→ SUPPLIED DATA
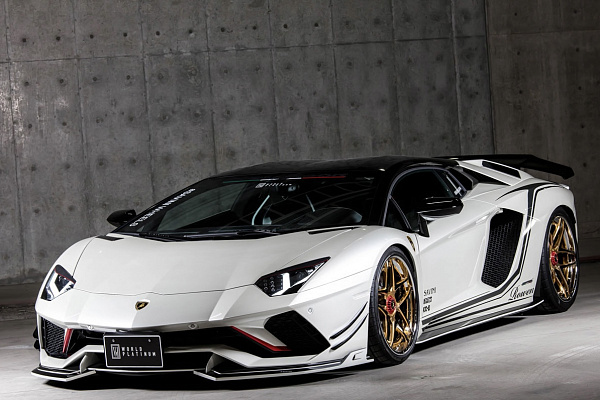 Фото дисков Savini SV76 Глянцевое золото на Lamborghini Aventador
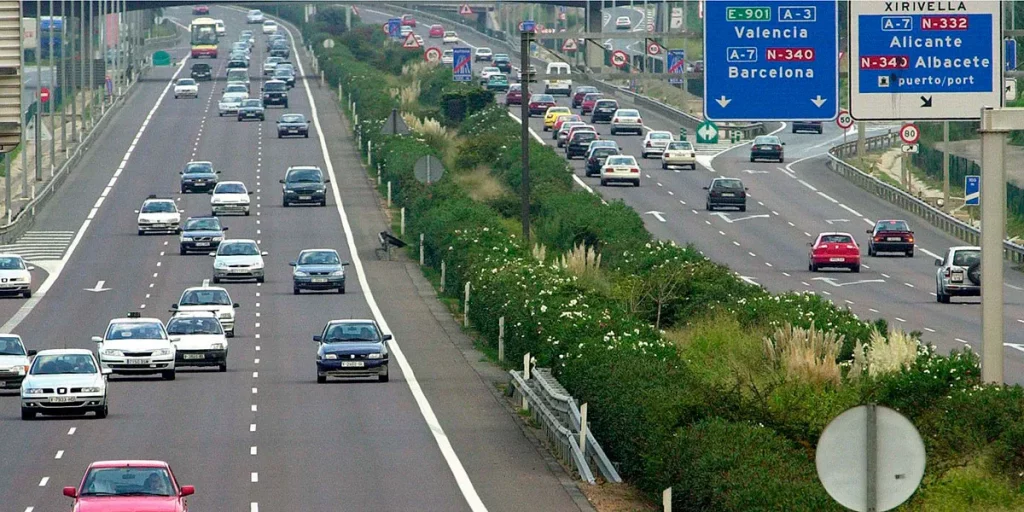 Esta es la diferencia entre gasolina 95, diésel o 98 octanos 80 Motor16 Evitar circular en zonas de tránsito cargado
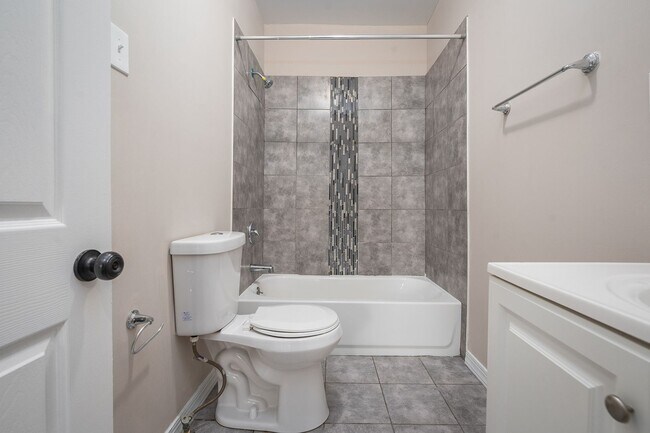 Building Photo - Newly Renovated 3 Bedroom in Charming Balt...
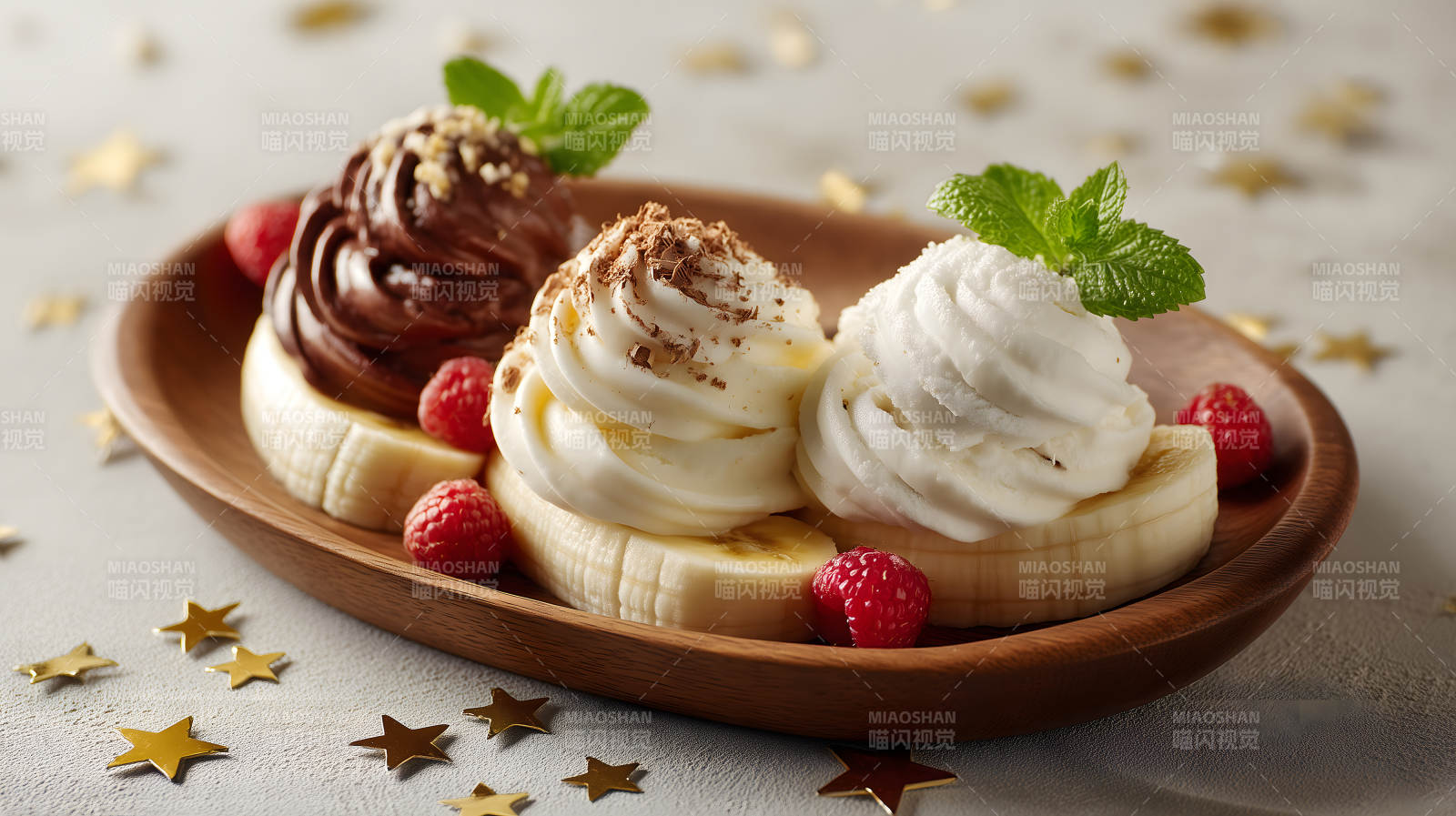 美味甜品组合香蕉奶油覆盆子-图片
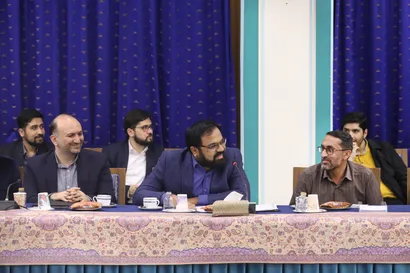 نشست رمضانی با فعالان عرصه تولید و اقتصاد مردمی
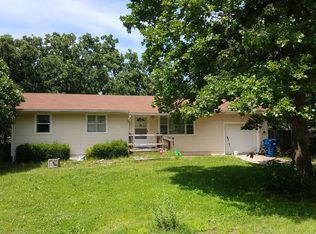 117 Red Oak Dr, Carl Junction, MO 64834
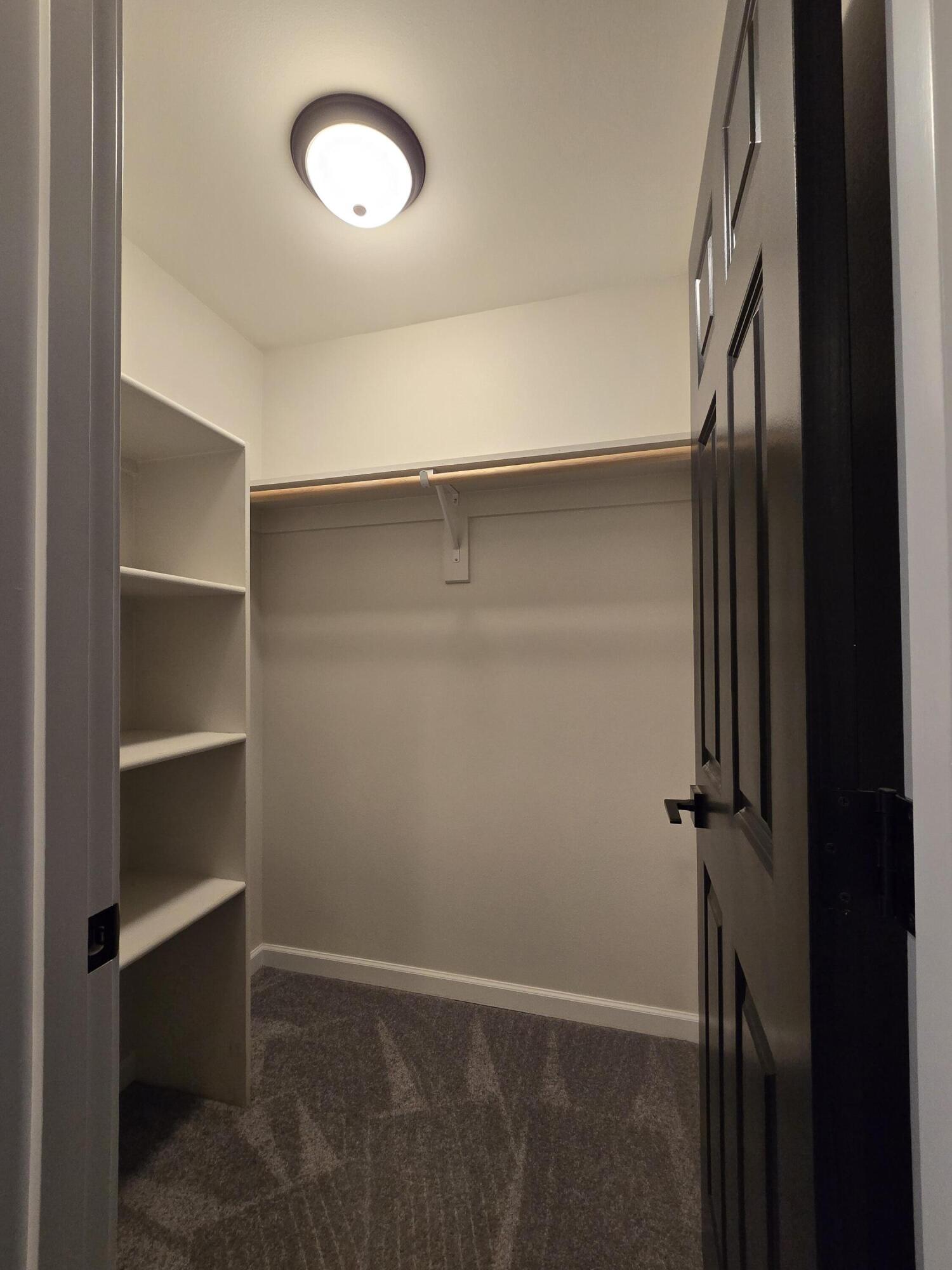 588 Upper Applegate Road Jacksonville, OR 97530 - Photo 25 of 53 master closet 2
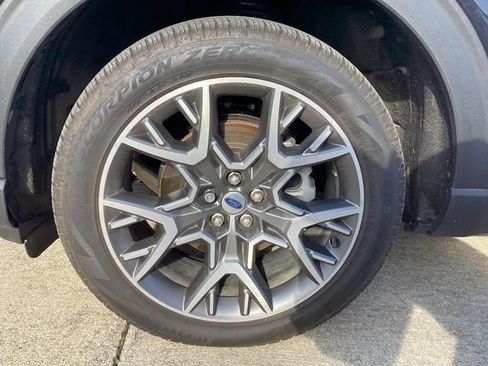 Used 2025 Ford Explorer Platinum w/ Ultimate Package image 5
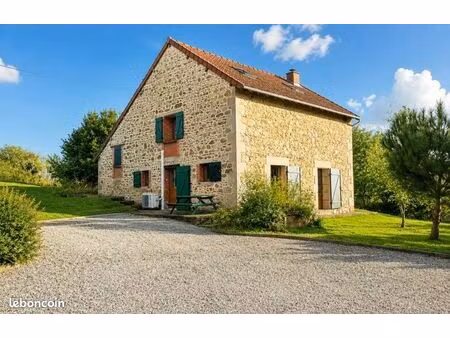 maison de caractère 165 m² – 1 8 ha – grande dépendance – 10 panneaux solaires – 4 climati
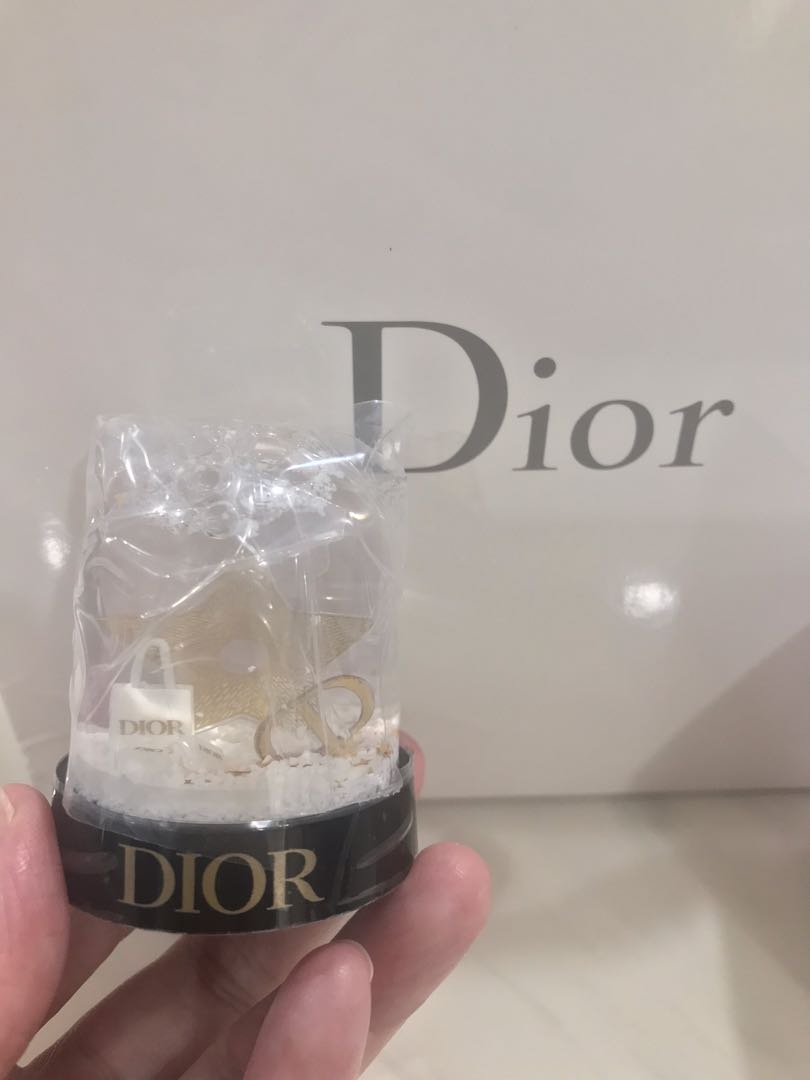 Authentic Dior Christmas Snow Globe Keychain Limited Edition 正品迪奥圣诞雪球钥匙链
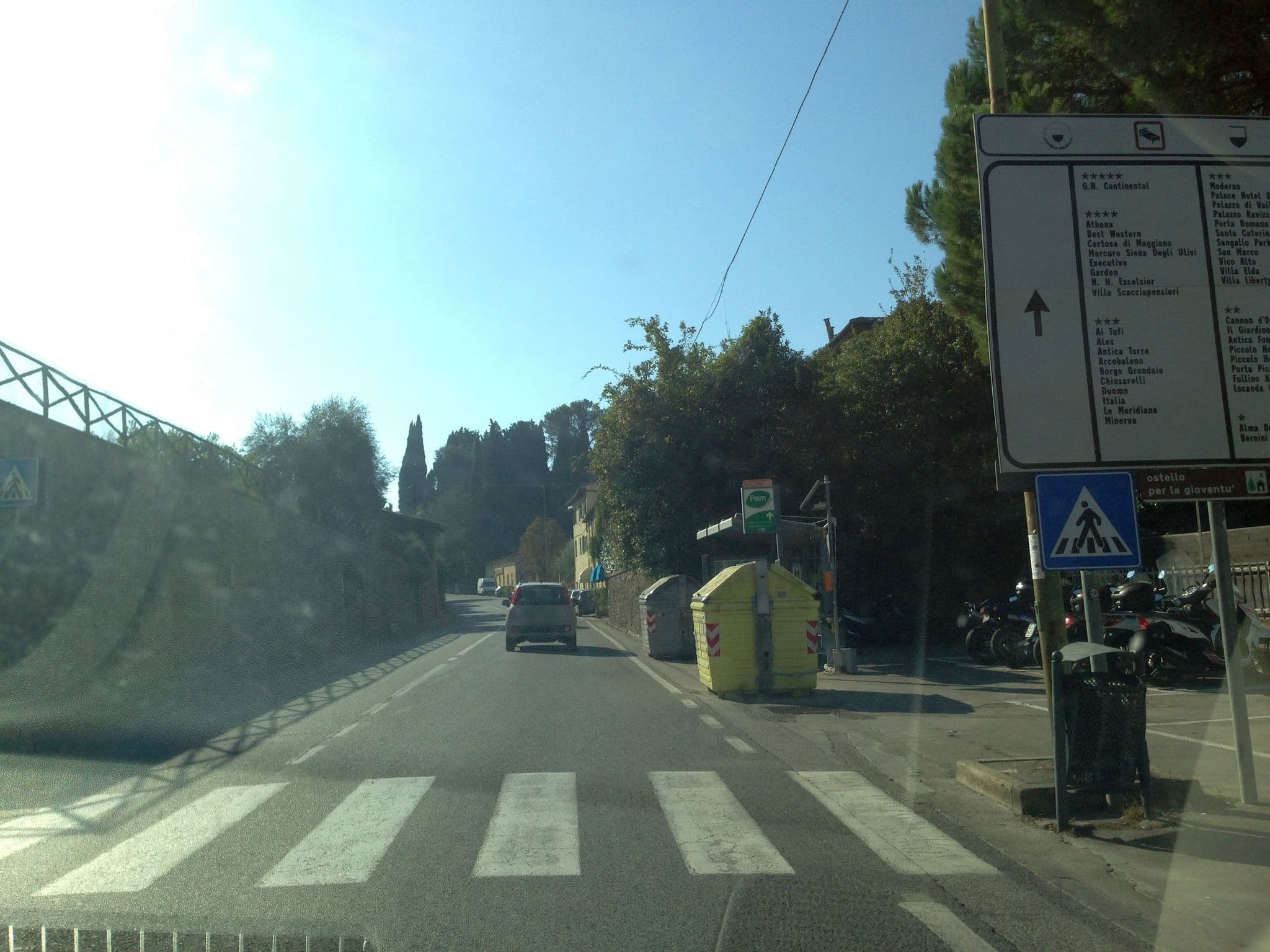 Street view near Siena Hostel Guidoriccio, Belverde — © istefanos (CC BY-SA · Mapillary)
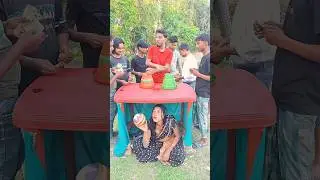 The girl was seen sitting down and looting the money. #game #new #gamer #reel #reelsindia #fun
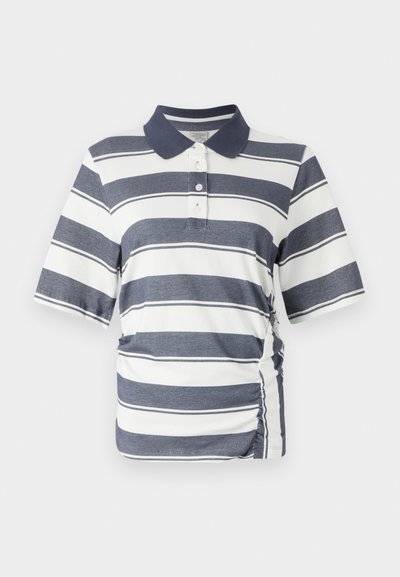 Polo skjorte med marineblå og hvite horisontale striper, korte ermer, krage og ruchingdetalj på siden. Laget av myk, elastisk stoff.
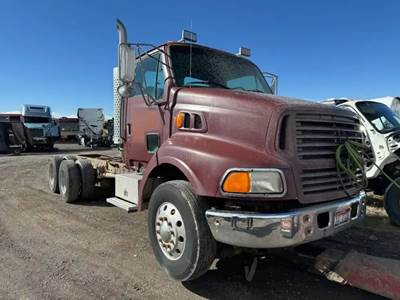 Ford AT9513 Aeromax 113 Salvage Truck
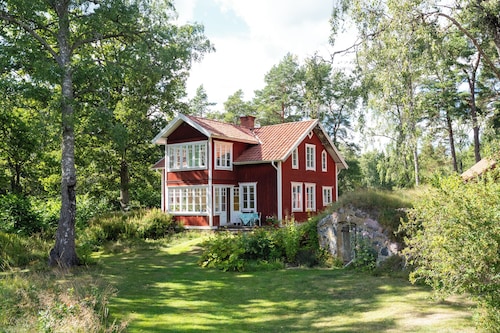Beautiful 3-4 bedrooms Archipelago-house in Blidö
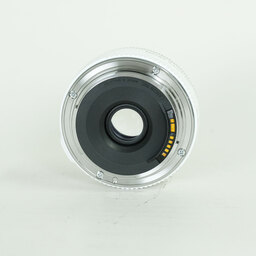 Canon EF40mm F2.8 STM ホワイト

→ TASK OBJECTIVE
Write out word for word the lines above that run from the one with "Esta es la diferencia" to the one with "Beautiful 3-4 bedrooms". Include both end lines; exclude the images.

→ THE ANSWER
 Esta es la diferencia entre gasolina 95, diésel o 98 octanos 80 Motor16 Evitar circular en zonas de tránsito cargado
 Building Photo - Newly Renovated 3 Bedroom in Charming Balt...
 美味甜品组合香蕉奶油覆盆子-图片
 نشست رمضانی با فعالان عرصه تولید و اقتصاد مردمی
 117 Red Oak Dr, Carl Junction, MO 64834
 588 Upper Applegate Road Jacksonville, OR 97530 - Photo 25 of 53 master closet 2
 Used 2025 Ford Explorer Platinum w/ Ultimate Package image 5
 maison de caractère 165 m² – 1 8 ha – grande dépendance – 10 panneaux solaires – 4 climati
 Authentic Dior Christmas Snow Globe Keychain Limited Edition 正品迪奥圣诞雪球钥匙链
 Street view near Siena Hostel Guidoriccio, Belverde — © istefanos (CC BY-SA · Mapillary)
 The girl was seen sitting down and looting the money. #game #new #gamer #reel #reelsindia #fun
 Polo skjorte med marineblå og hvite horisontale striper, korte ermer, krage og ruchingdetalj på siden. Laget av myk, elastisk stoff.
 Ford AT9513 Aeromax 113 Salvage Truck
Beautiful 3-4 bedrooms Archipelago-house in Blidö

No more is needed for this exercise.